> _WHAT THE TASK REQUIRES_: Reproduce the records word for word, leaving out any pictures they hold.

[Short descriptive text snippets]
"""

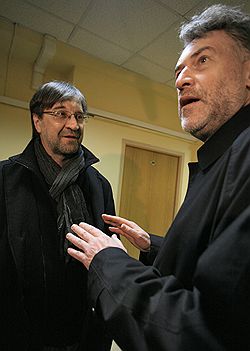 Музыкант, лидер группы "ДДТ" Юрий Шевчук (слева) и музыкальный критик, искусствовед Артемий Троицкий (справа) перед началом рассмотрения иска отставного майора ГИБДД Николая Хованского о защите чести и достоинства и взыскании полумиллиона рублей с Артемия Троицкого в Гагаринском районном суде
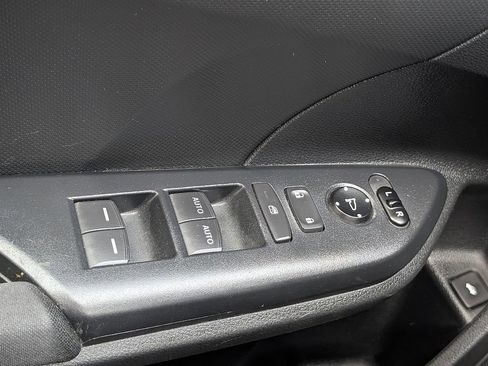 Used 2019 Honda Civic LX image 8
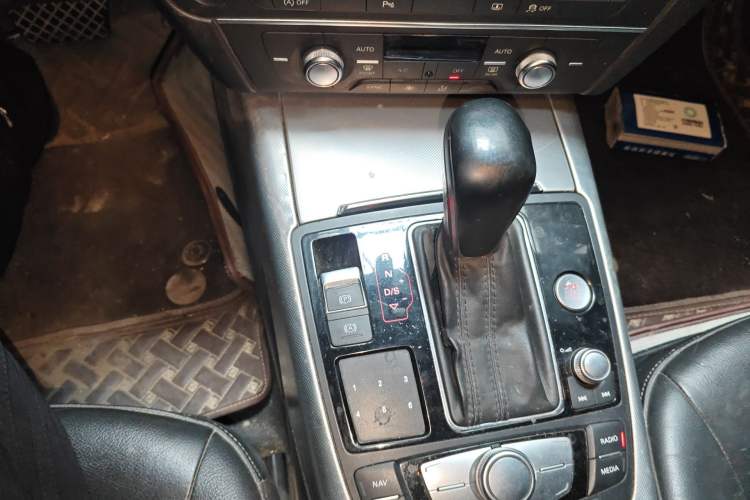 Used Audi A6L 2018 30th Anniversary Edition 35 TFSI Sport Edition Gear Lever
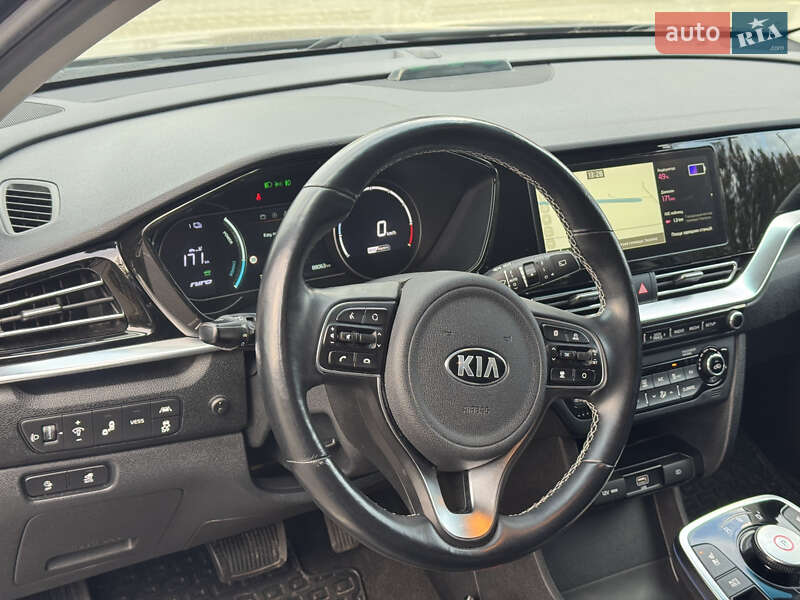 Внедорожник / Кроссовер Kia Niro 2020 в Львове фото 21 Внедорожник / Кроссовер Kia Niro 2020 в Львове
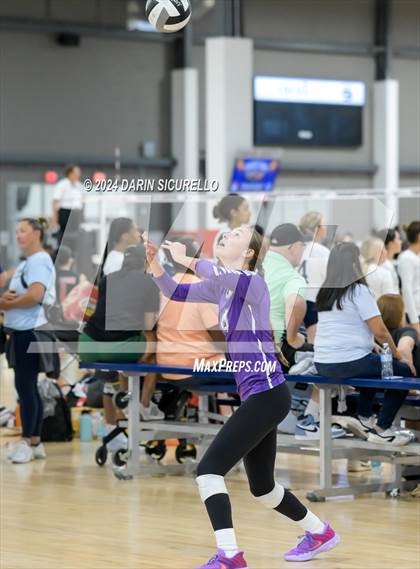 Thumbnail 3 in Arvada West vs. Brawley (Nike TOC Southwest) photogallery.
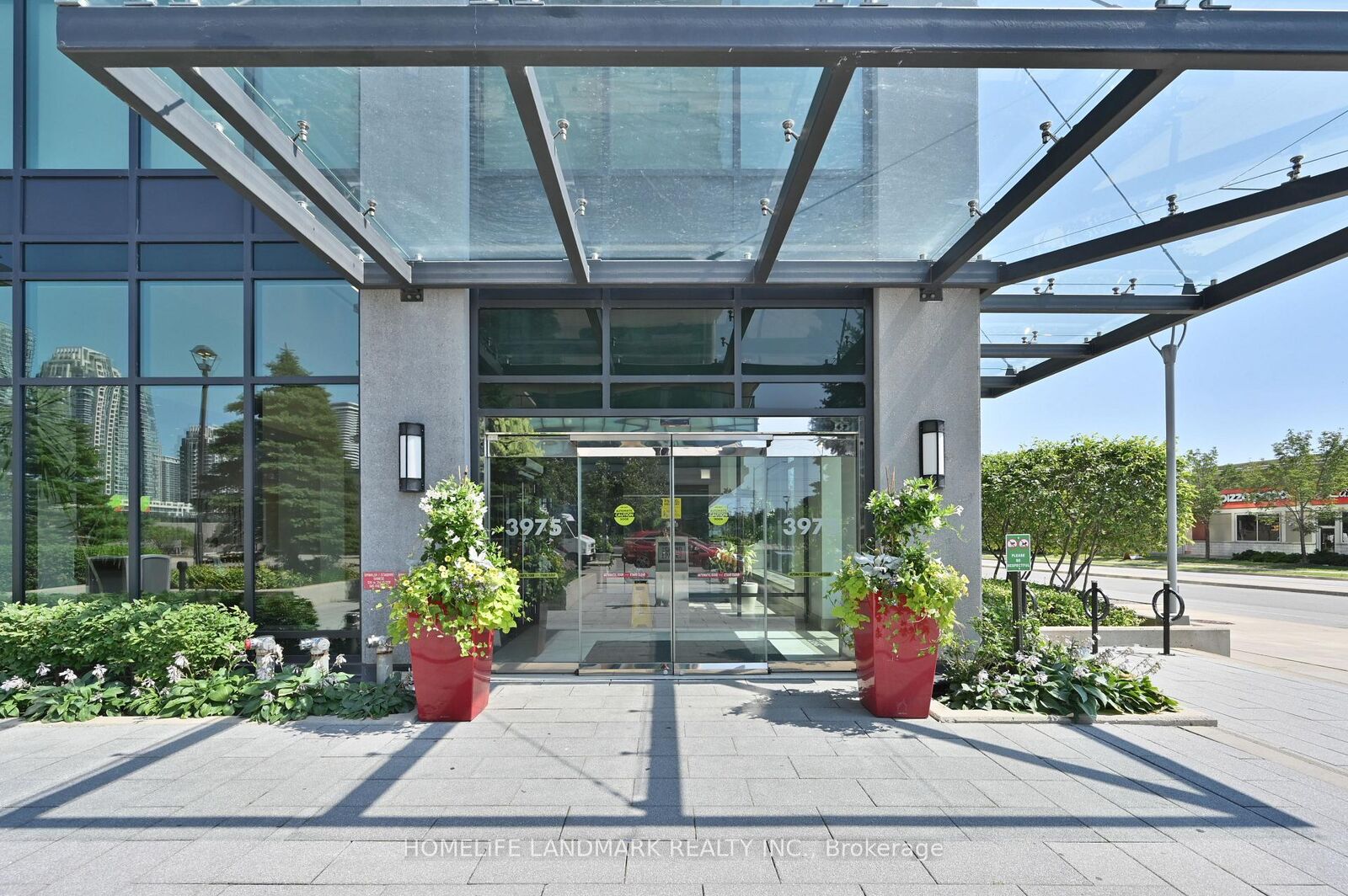Photo de la propriété: 3975 Grand Park Drive 702 ON L5B 0K4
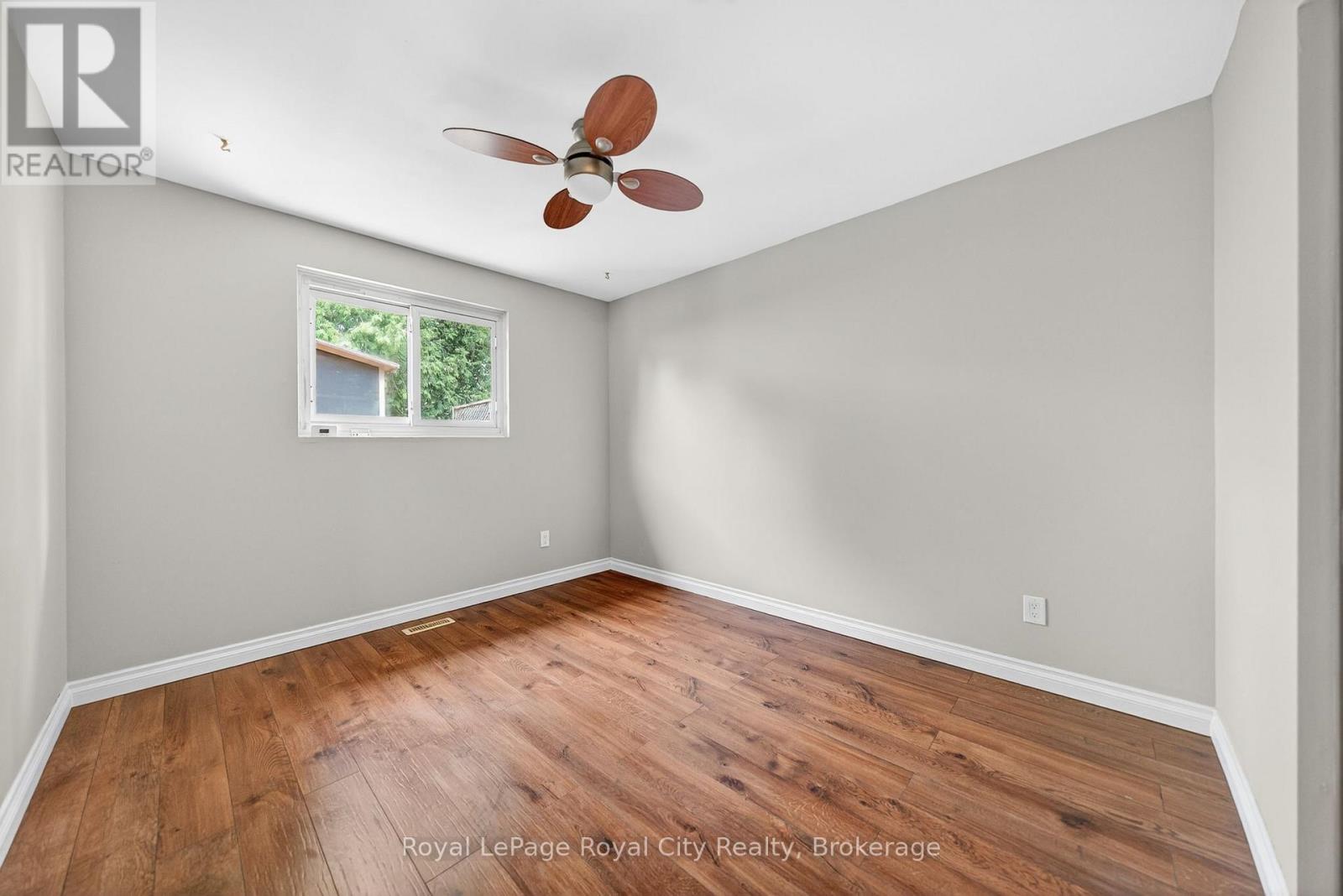 35 Eastview Road, Guelph, Ontario  N1E 6J7 - Photo 11 - X13410940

"""

> _SOLUTION_:
 Музыкант, лидер группы "ДДТ" Юрий Шевчук (слева) и музыкальный критик, искусствовед Артемий Троицкий (справа) перед началом рассмотрения иска отставного майора ГИБДД Николая Хованского о защите чести и достоинства и взыскании полумиллиона рублей с Артемия Троицкого в Гагаринском районном суде
 Used 2019 Honda Civic LX image 8
 Used Audi A6L 2018 30th Anniversary Edition 35 TFSI Sport Edition Gear Lever
 Внедорожник / Кроссовер Kia Niro 2020 в Львове фото 21 Внедорожник / Кроссовер Kia Niro 2020 в Львове
 Thumbnail 3 in Arvada West vs. Brawley (Nike TOC Southwest) photogallery.
Photo de la propriété: 3975 Grand Park Drive 702 ON L5B 0K4
 35 Eastview Road, Guelph, Ontario  N1E 6J7 - Photo 11 - X13410940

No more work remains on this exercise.